Former SUNY Chancellor Clifton R. Wharton Jr. and his wife Dolores have retired from their Cooperstown retirement. (Jim Kevlin/

COOPERSTOWN –  If not for the Whartons, would Rosalynn Carter have ever looked across world-famous Otsego Lake toward the Sleeping Lion?

In 1978, when Clifton R. Wharton Jr. became SUNY chancellor, one of the functions he inherited was hosting a two-day retreat twice a year at The Otesaga for all 64 SUNY presidents.

The first day was a work day, he recalled in an interview from his and wife Dolores’ United Nations Plaza apartment over the weekend. “The other was playing golf,” he said.

“I decided they should have some systematic activities” – emphasis on “system,” as in SUNY – “in addition to these off-the-book things,” he said.

One of Dolores’ responsibilities, she said, was “organizing ‘wives programs.’ Some said they would never come to a ‘wives program’ – this was an issue throughout the country in those days.”

In response, Mrs. Wharton, a pioneer on corporate boards, from Kellogg to Phillips Petroleum, elevated the wives’ luncheon, inviting her fellow Gannett board member, First Lady Rosalynn, as well as pioneering pollster Elmo Roper and other luminaries.

By the time the Whartons were done, not just the wives, but the SUNY presidents themselves – mostly men in those days – were clamoring to attend Dolores’ event.

The anecdote was one of many that emerged during an interview marking the end of the Wharton’s 33 years at Doeclif, their summertime – and occasional Christmas – getaway in the hills off Glimmerglen Road.

As Dr. Wharton’s SUNY tenure neared an end in 1987 – he was then in his early 60s – the couple began considering retirement, first in Connecticut.

The Whartons were then living in one of the towers at SUNY’s downtown headquarters, the former D&H headquarters, which they’d renovated as the chancellor’s residence, and she ran into Norman Rice, director of the Albany Institute of History & Art.

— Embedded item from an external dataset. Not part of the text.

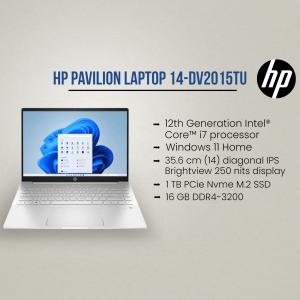 HP Pavilion 14-DV2015TU laptop with Windows 11 Home displayed on screen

He advised her that Donald L. Curran, the Merrill Lynch trust officer who served with her on the Albany Law School board, had passed away, and his home overlooking Otsego Lake was for sale.

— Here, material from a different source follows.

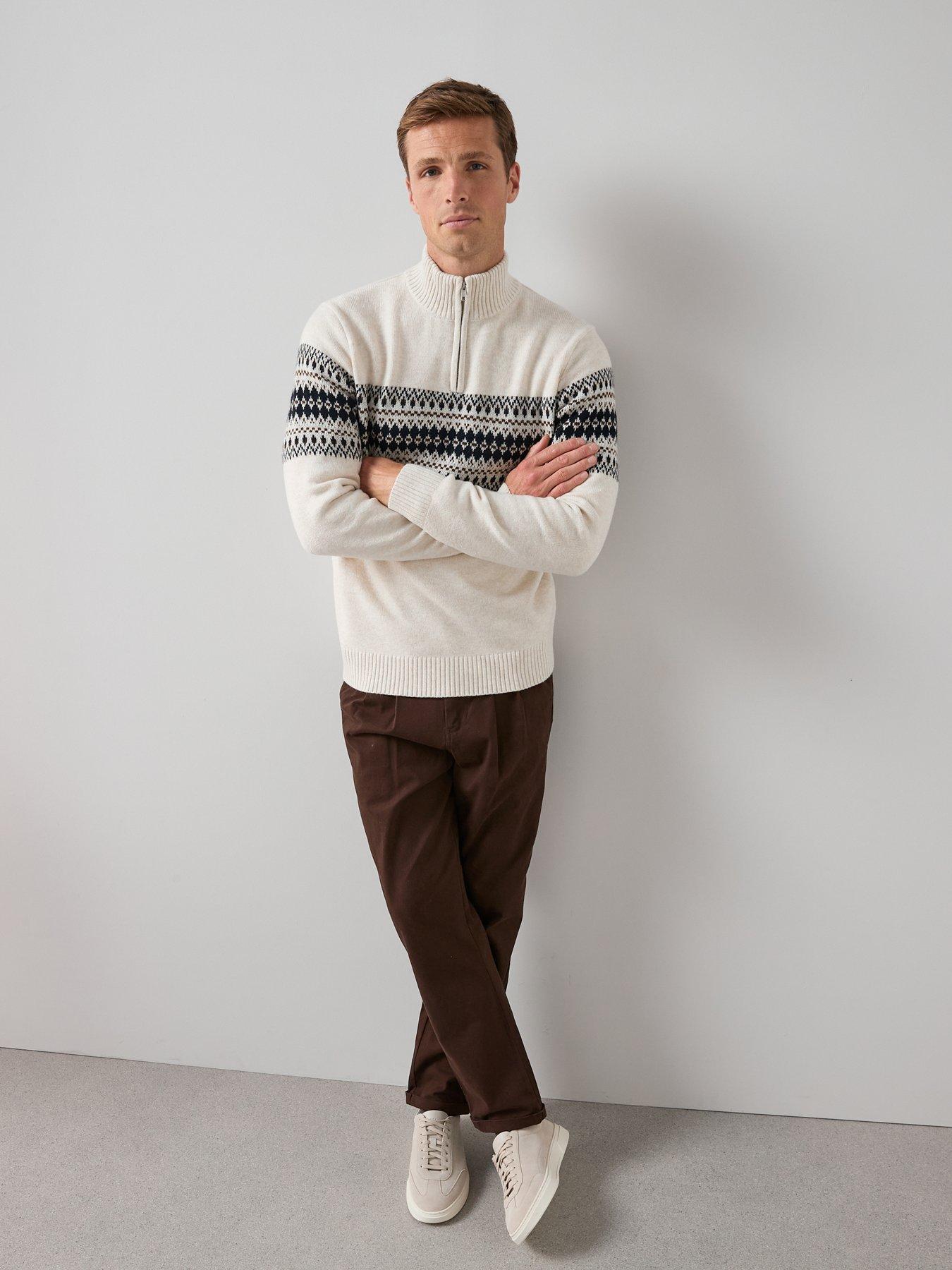  image of the-very-collection-fairisle-quarter-zip-jumper-cream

“We walked into that living room and saw that view; it was over. We immediately fell in love with it,” said Dolores. “We loved every minute on that property. Rest, relaxation, love of life, love of each other.”

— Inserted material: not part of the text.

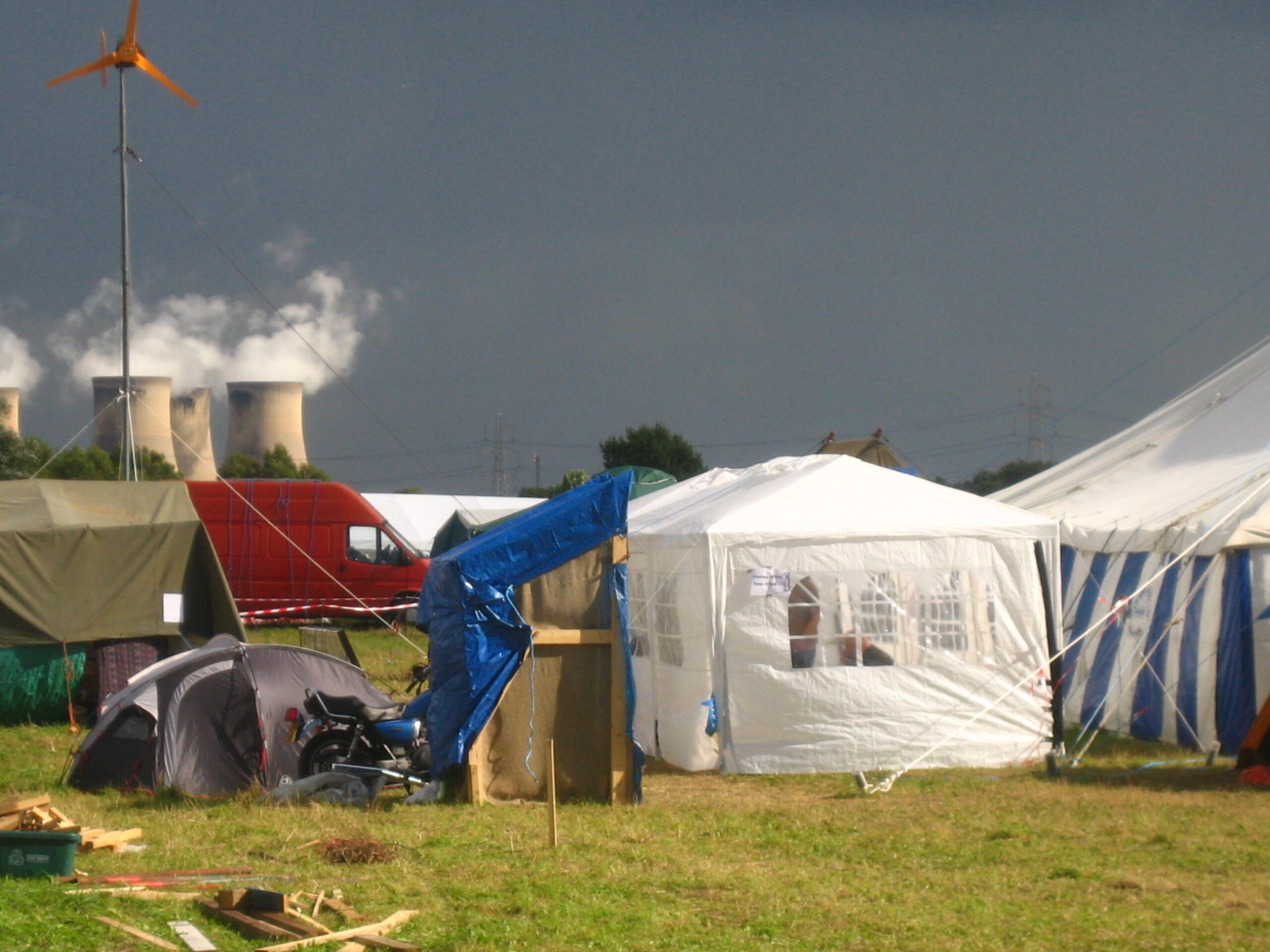 Camp for cliamte Action at Drax coal-fired power station, Yorkshire, 2006.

Plus, Curran had blasted into the hillside to anchor the one-story home, and created a huge basement – just what Clif Wharton needed for his archives, the basis of “Privilege and Prejudice: The Life of a Black Pioneer,” his sweeping 2015 memoir. Dolores’ own memoir, “A Multicultured Life: From the Little Red School House to Halls of Academe and Corporate Board Rooms,” followed last year.

As it happened, retirement had to wait until 1993. Dr. Wharton was recruited to lead – and modernize – TIAA-CREF, the university professors’ huge pension fund. When Bill Clinton was elected president, he was then lured into the State Department as the deputy secretary of state.

The Whartons could then spend April to October – plus Christmas – in Cooperstown, and were soon recruited into community life.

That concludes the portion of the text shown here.